Ever wondered why your child always seems to remember something they see? Or perhaps they really get the hang of a new concept when they are hands-on and try it themselves? Maybe they are great at remembering new songs and rhymes? This isn’t a coincidence, often we have preferences when it comes to learning new things. These are commonly referred to as learning styles.
In this post, we will delve further into the different types of learning styles, as well as providing some practical ideas on how you, as a parent, can use this insight to support your child’s learning.
What are learning styles?
Learning styles is a concept that goes back as far as the early 1900s, however it really gained popularity in the 1970s when Neil Fleming introduced the concept of VAK (or VARK) learning styles. This suggested that individuals often have preferences when it comes to learning which can be loosely grouped into categories: Visual, Auditory and Kinaesthetic.

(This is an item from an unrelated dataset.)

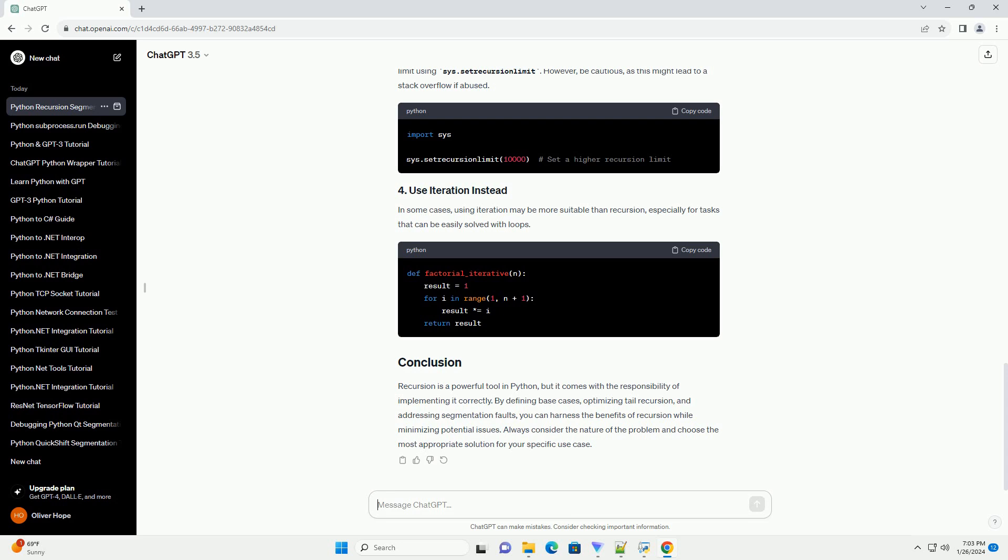Recursion is a powerful tool in Python, but it comes with the responsibility of implementing it correctly. By defining base cases, optimizing tail recursion, and addressing segmentation faults, you can harness the benefits of recursion while minimizing potential issues. Always consider the nature of the problem and choose the most appropriate solution for your specific use case.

It’s important to note that this doesn’t mean that children should only learn through one narrowly defined style. It’s more about encouraging variety in learning activities so all styles are catered for.

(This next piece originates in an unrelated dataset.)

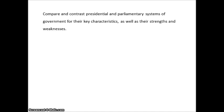Here's the next question. This question asks: compare and contrast presidential and parliamentary systems of government for their key characteristics, as well as their strengths and weaknesses. The process words are compare and contrast.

What does this mean for my child’s learning?
Understanding the different ways children can learn opens our eyes to the wide variety of activities at our disposal to support learning. Although traditional note taking and written work is of course important, exploring new approaches based on the different learning styles outlined below could have a positive impact on your child’s learning.
Visual learners often learn best through pictures and imagery. They like to be creative, and recall concepts using diagrams, mind maps and colour.
5 practical ways to support visual learners:
- Suggest the use of mind maps over traditional notetaking during revision or when reviewing a topic. Learners will often visualise a mind map better than extensive written notes. Colours also work well, so get the highlighters and pens out!
- Whiteboards are perfect for visual learners to demonstrate processes and to draw out new concepts and ideas.
- Flashcards are a popular learning tool with the addition of images as visual cues.
- Using storyboards in Creative writing, timelines for History, and diagrams in Science are great for visual learners.
- The concept of journaling is also a great tool and is applicable for most subjects.
You might question whether your child has this learning style, especially when they don’t hear your request for help with the house chores! Auditory learning isn’t just about listening though, it’s speaking too. Auditory learners would much rather speak and listen than read or write. You might hear auditory learners talking aloud when reviewing concepts or revising.
5 practical ways to support auditory learners:
- Debates and discussions on topics are great for auditory learners as a method to understand new concepts. This could be with a friend or members of the family.
- Rhymes and mnemonics are useful for memorising facts. These can then be played back or read aloud.
- Encourage your child to be the teacher and give a presentation on a new topic, or even present back individually to themselves in front of a mirror. Although the last idea might sound a bit strange, it really works!
- Consider audio books and podcast resources to supplement your child’s learning.
- Read aloud – a simple, yet effective option for auditory learners when digesting new information and during revision.
Kinaesthetic learners prefer to learn through “doing”. Whether that’s testing a theory or through a practical experiment – learners will opt to put their understanding into practice at any opportunity.
5 practical ways to support auditory learners:
- Although this style lends itself very well to certain subjects and activities, such as Science experiments for instance, it can play a role in all subjects. Some popular ways to integrate “doing” into every day learning include:
- Using Base 10 or similar counters/shapes when solving Maths problems.
- Creating opportunities to learn through movement. This could be through recalling facts when walking or using a game of catch when revising times tables.
- Letter tiles are a useful and practical resource for English for creating new words or spelling.
- Another popular activity is hide and seek with new words and letters. Once discovered, the word must be read aloud correctly before moving on to find the next one.
Hopefully the above provides some food for thought and ideas for supporting your child’s learning at home. Everyone learns differently with individual preferences. By trying a variety of approaches you will be able to get a clearer picture of the activities that work well for your child. Remember variety is key so get creative and enjoy trying the different approaches together!